The exterior of the home offers a juxtaposition of materials from wall made of stacked local fieldstone and Douglas fir piers to Hardiplank, cedar and Miratech panelized siding. The connection between the inside and the outside was important to Lynn, and there are many outdoor living spaces from which to enjoy nature. “I really enjoy all of the outdoor areas,” Lynn says. “The master bedrooms open onto a screened-in sleeping porch, and there’s a covered porch off the guest bedroom. This is very typical of Adirondack camps and lodges.” The timber construction is also consistent on the interior and exterior. “This creates a clear order and rhythm that extends the entire length of the house, and it’s continued in the proportions and structure of the decks, porches and courtyard,” she says.
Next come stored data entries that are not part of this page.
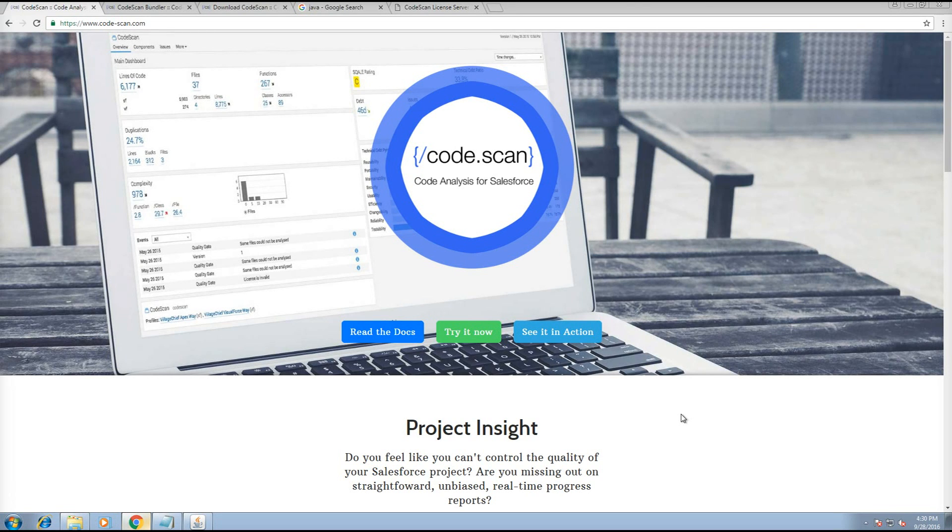In this video, we're going to go through CodeScan and getting the all-in-one CodeScan bundler going on your machine.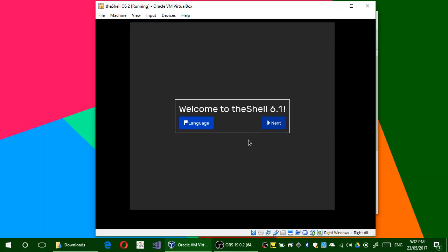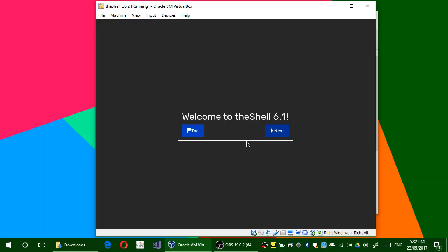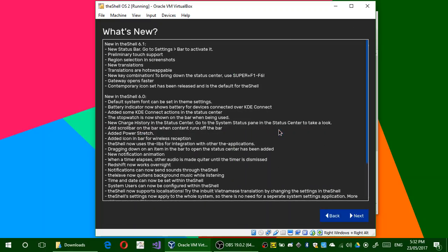Once you see the Welcome to the Shell 6.1 button, you can choose a language over here if you don't want to use English, or simply click Next. Click Next again.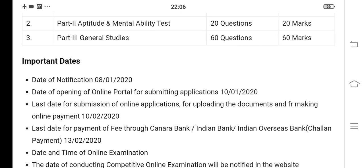If you want to prepare, the call letter will come in the description of our channel. If you want to share the link, you can download the call ticket from there. All the best, friends — prepare well and see you in the next video. Bye!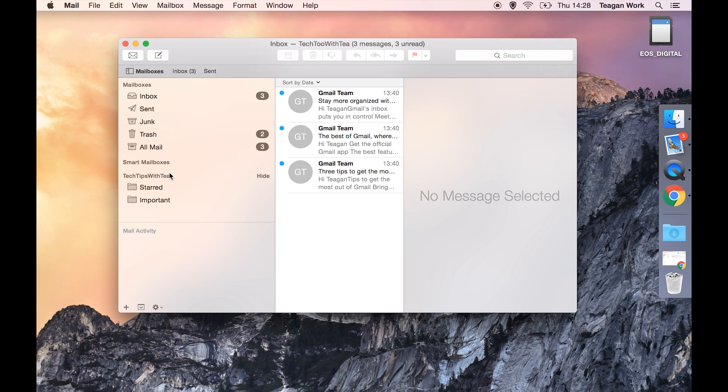So that is how you can get rid of mailboxes that you have hooked up in here that you just don't want to be in there anymore.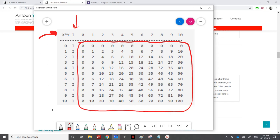We actually have 11 rows because we're starting from 0 to 10. So we have 11 rows and 11 columns, since we're also moving from 0 to 10 — it's an 11 by 11 grid.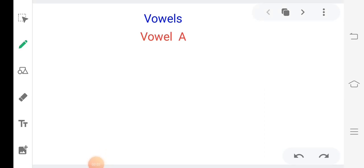Hello students, welcome back to your English class. Today I will teach you vowel A. There are 5 vowels in alphabet.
Lynn chose the home’s color palette based on Shaker natural dyes. “I used warmer tones on the south side of the interior where the sunlight is direct and cooler tones on the north side where there’s mostly indirect light,” she says. “I wanted to use warm, natural materials in a modern way with clean lines and open interconnected spaces.” Throughout the home, bookshelves, screens, cabinetry and windows act as walls, allowing natural light to flow freely, and furthering the open floor plan.
The home centers on the large stacked-stone fireplace, which offers an interior and exterior hearth. “The glass walls and doors of the living and dining areas open onto a Brazilian walnut deck and stone terrace with courtyard,” Lynn says. “The inside is really an extension of the outside and vice versa.” Joseph and Lynn find they spend a lot of their time cooking in the kitchen, snuggling with their two Harlequin great danes and three kittens in front of the fireplace and admiring the views from their many decks. “This is the first house that Joe and I have ever owned,” Lynn says. “While moving around and pursuing graduate degrees and careers has been fun and fruitful, nothing feels as good as arriving home.”